___ DATA FOR PROCESSING ___

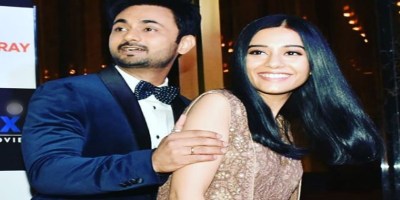 Amrita Rao with husband RJ Anmol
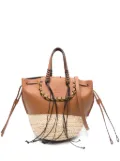 CUBA LAB Bolero tote bag - Brown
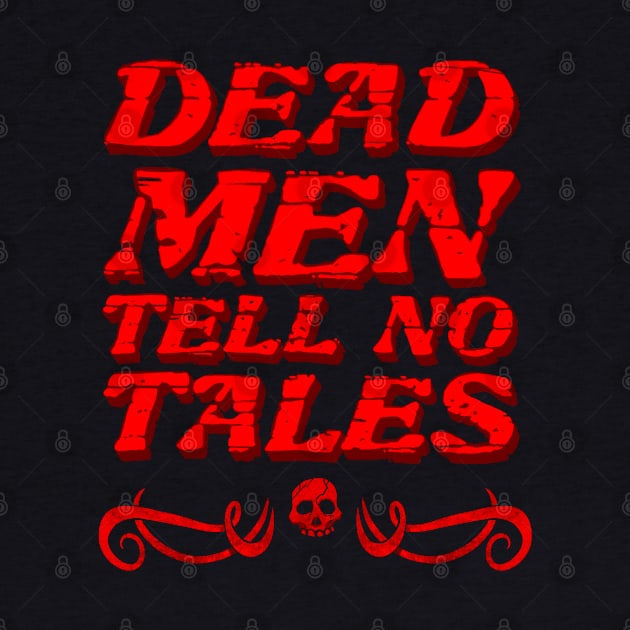 Dead Men Tell No Tales by AltIllustration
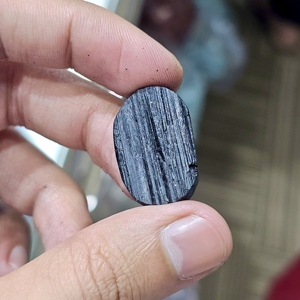 Lote de turmalina negra natural Druzy, lote de piedras preciosas Druzy para hacer cabujones de tamaño libre al por mayor - Product Image 5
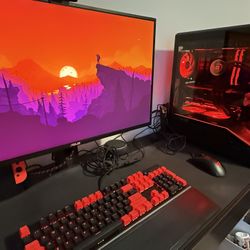 Razer Mouse And Keyboare Combo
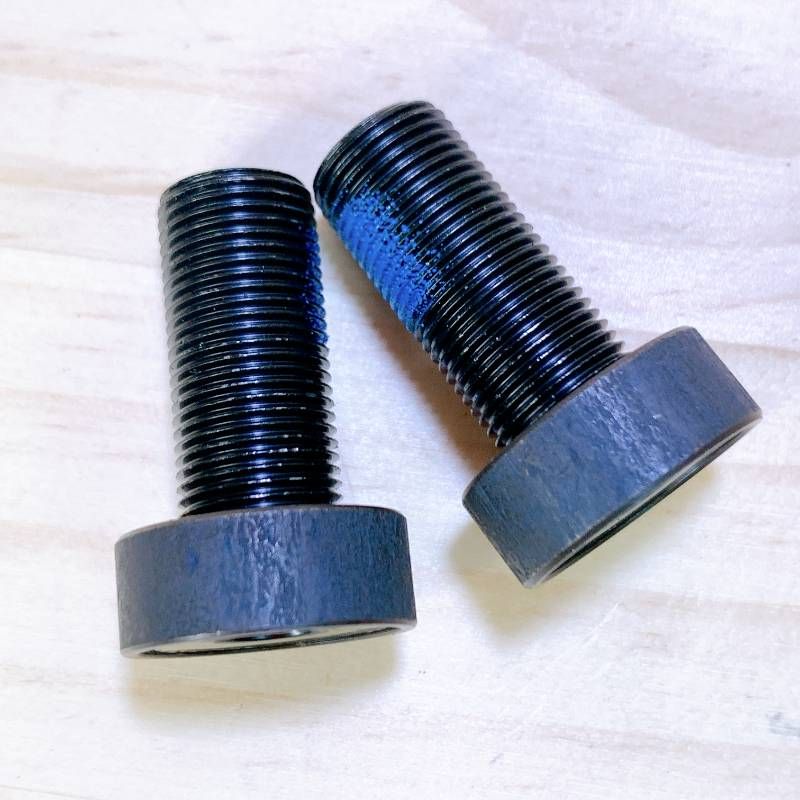 BMX クランクセット シルバー 48スプライン 170mm 19mm軸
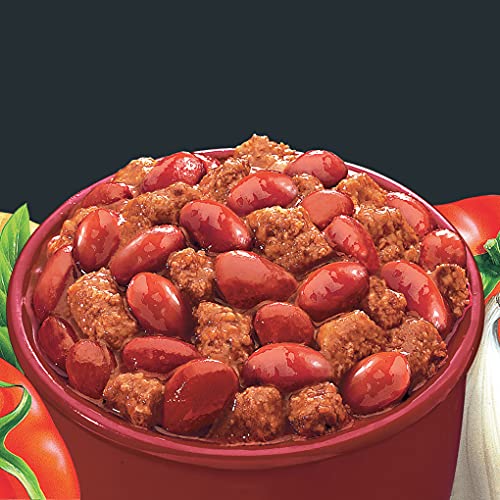 Dennisons, Hot Chili Con Carne With Beans, 15Oz Can Pack Of 6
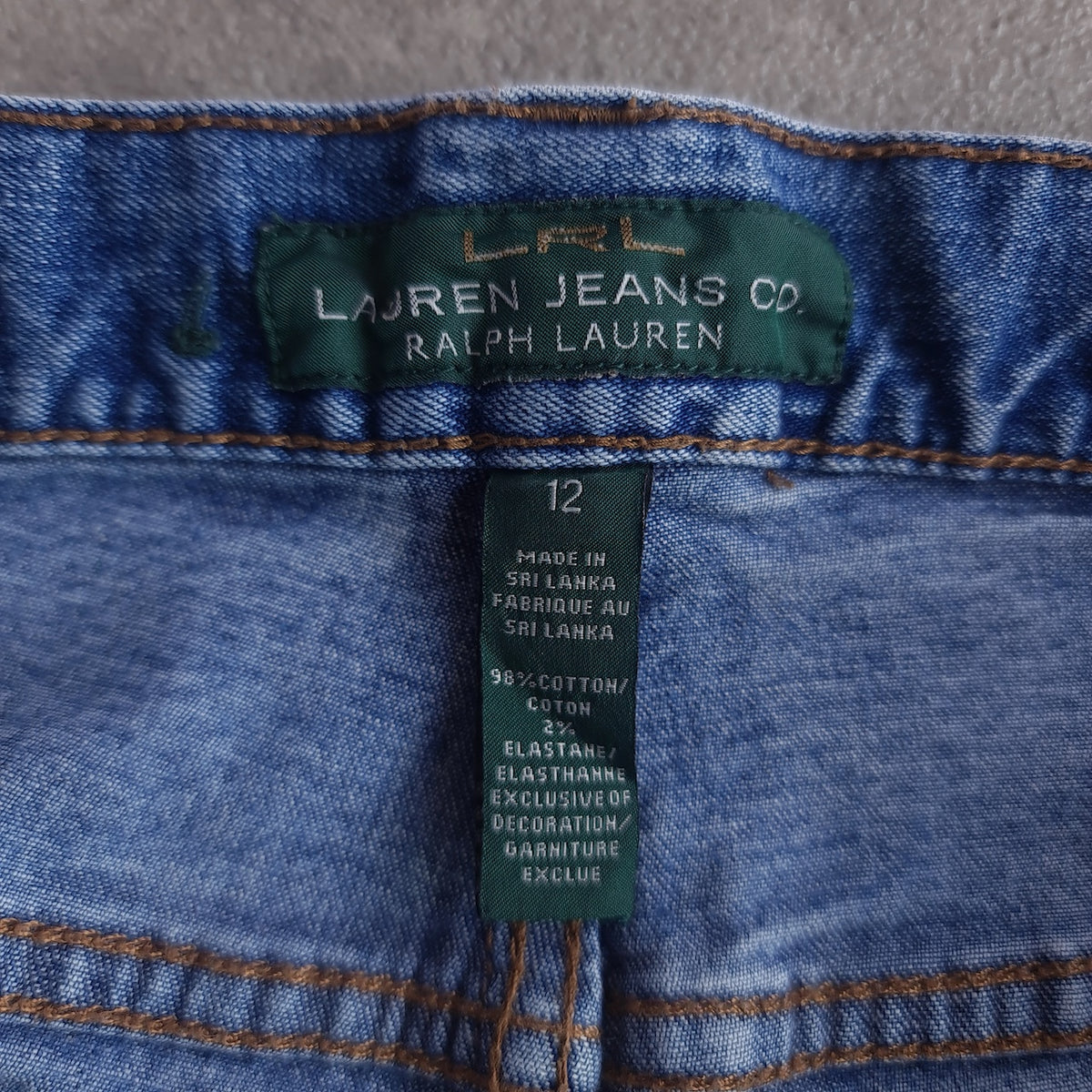 Y2K Lauren Ralph Lauren Straight Cut Jeans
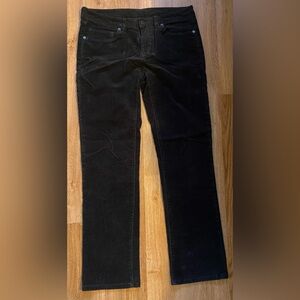 Patagonia Black Corduroy Pants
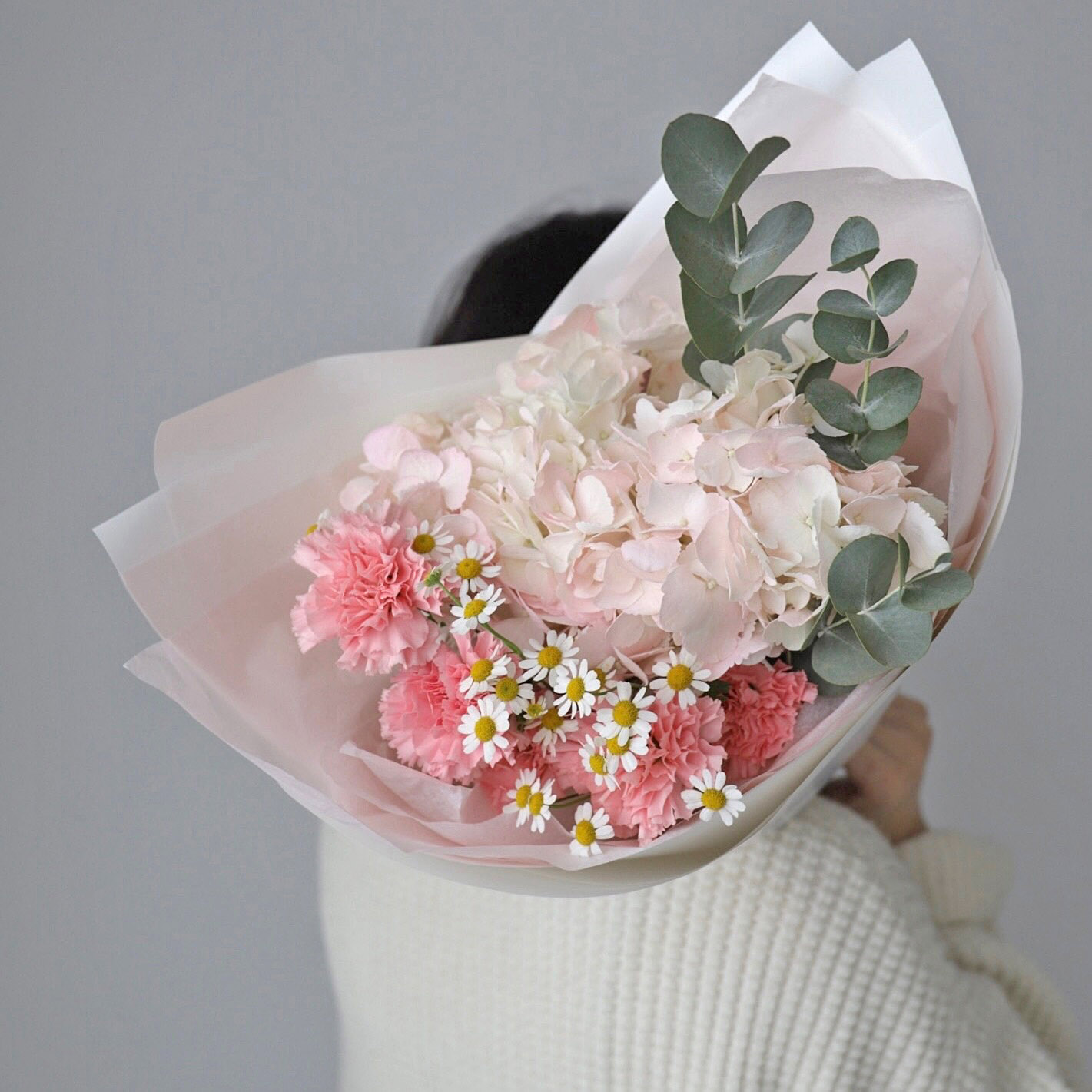 Букет "Нежная история"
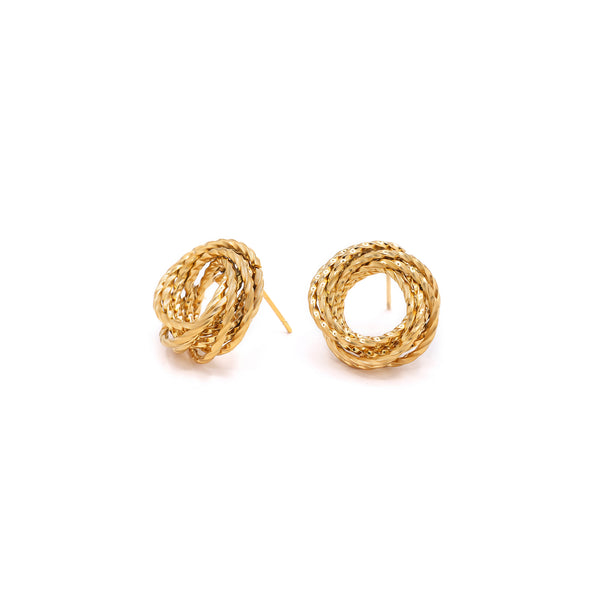 Pendientes "Suzanne" Acero Inoxidable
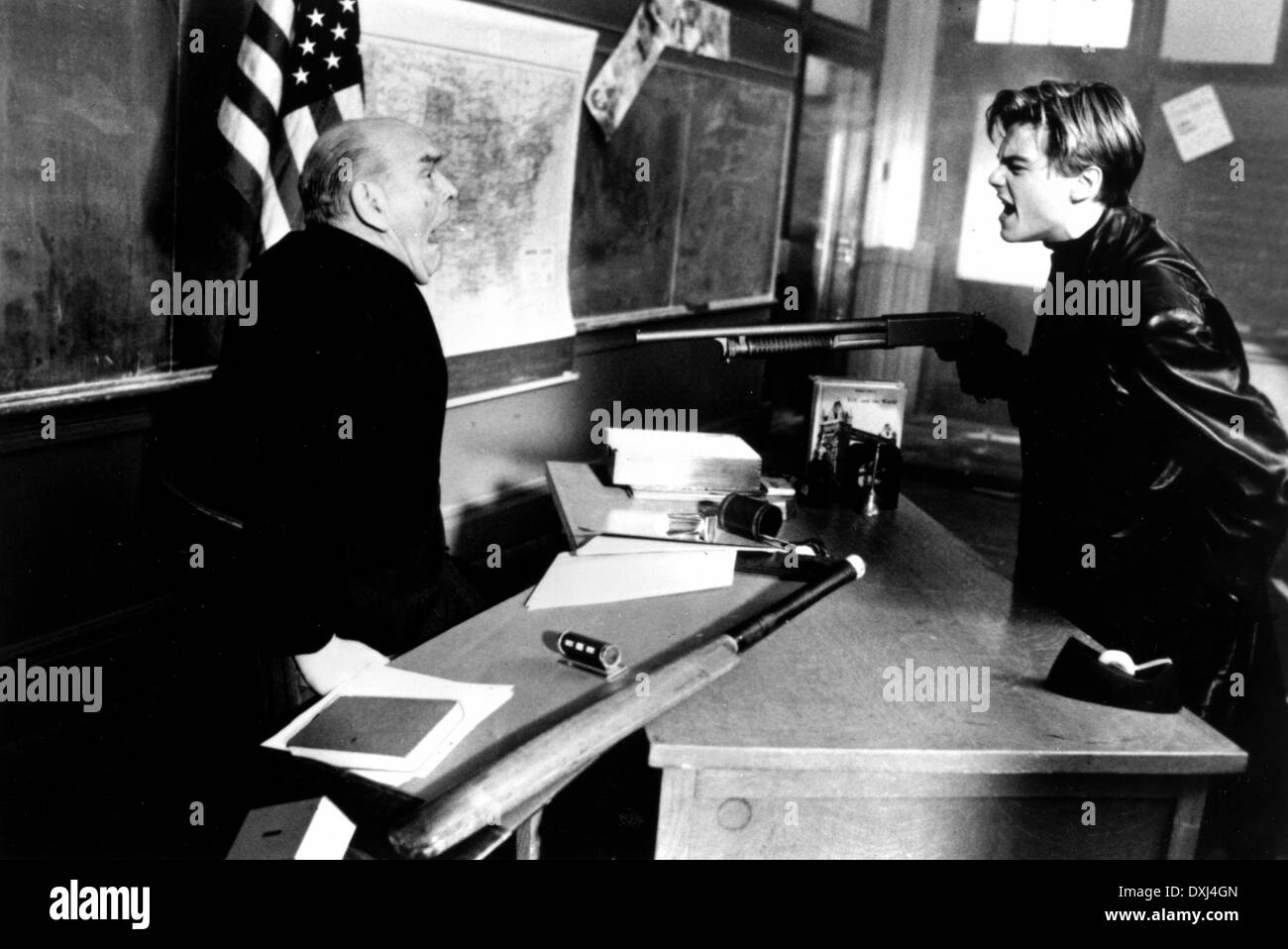 DIE BASKETBALL-TAGEBÜCHER Stockfoto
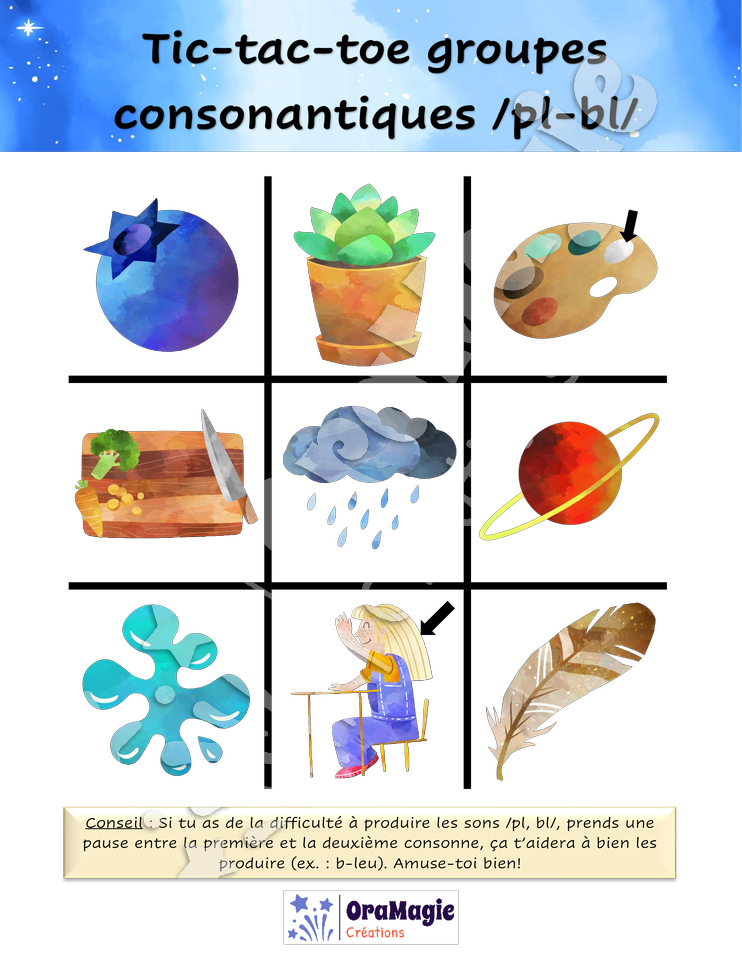 Tic-tac-toe groupes consonantiques -pl-bl-.pdf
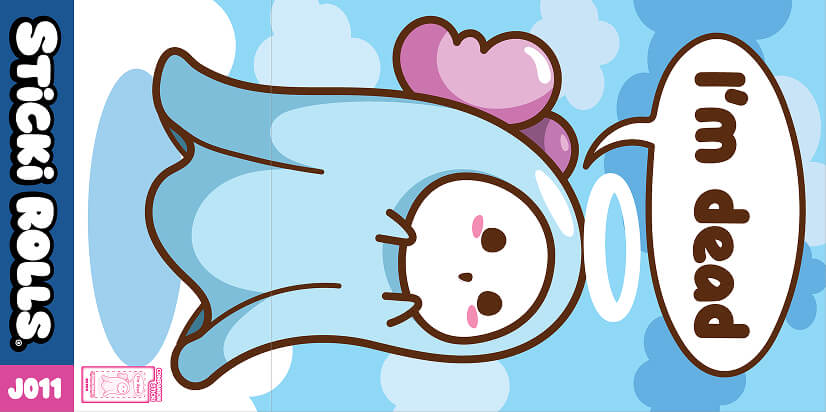 Stickirolls Jumbo Sticki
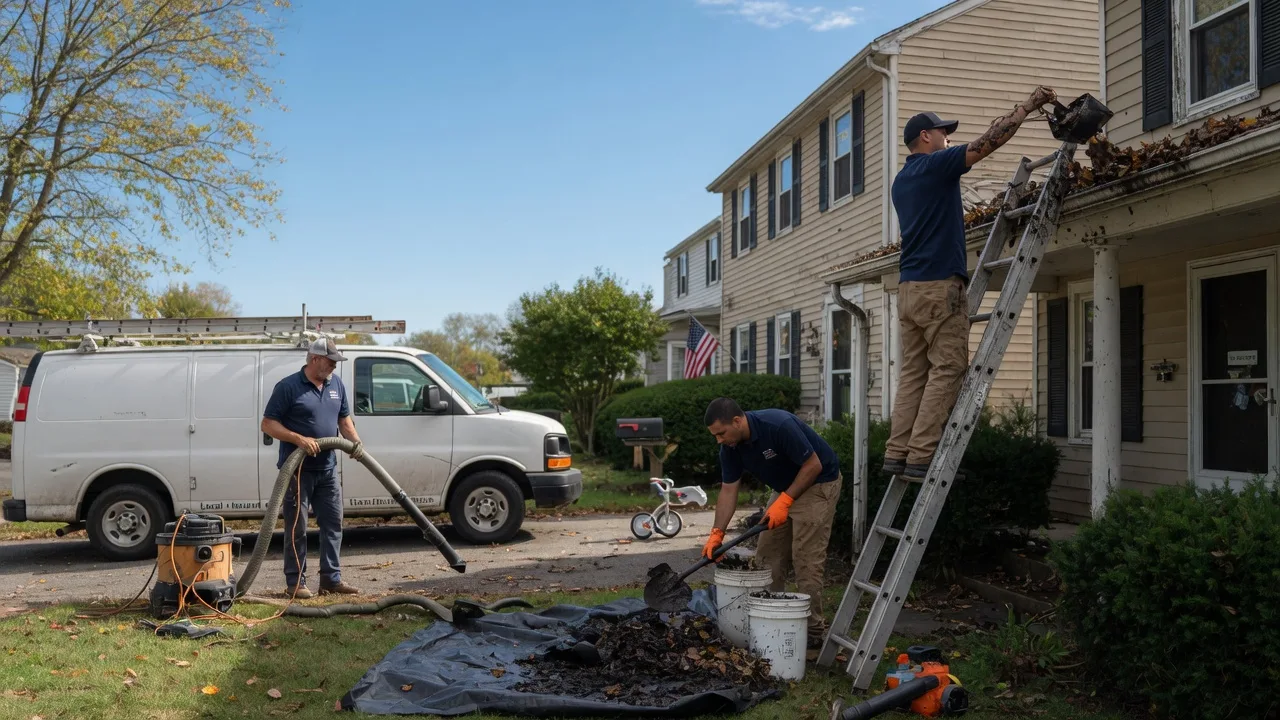 Gutter Installation in Katy, TX near me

___

Pictures stay out of the copy. Reproduce exactly the lines from the one containing "CUBA LAB Bolero tote bag - Brown" through the last line of the records above, both included.

__OUTPUT OF THE TASK__.
 CUBA LAB Bolero tote bag - Brown
 Dead Men Tell No Tales by AltIllustration
 Lote de turmalina negra natural Druzy, lote de piedras preciosas Druzy para hacer cabujones de tamaño libre al por mayor - Product Image 5
 Razer Mouse And Keyboare Combo
 BMX クランクセット シルバー 48スプライン 170mm 19mm軸
 Dennisons, Hot Chili Con Carne With Beans, 15Oz Can Pack Of 6
 Y2K Lauren Ralph Lauren Straight Cut Jeans
 Patagonia Black Corduroy Pants
 Букет "Нежная история"
 Pendientes "Suzanne" Acero Inoxidable
 DIE BASKETBALL-TAGEBÜCHER Stockfoto
 Tic-tac-toe groupes consonantiques -pl-bl-.pdf
 Stickirolls Jumbo Sticki
 Gutter Installation in Katy, TX near me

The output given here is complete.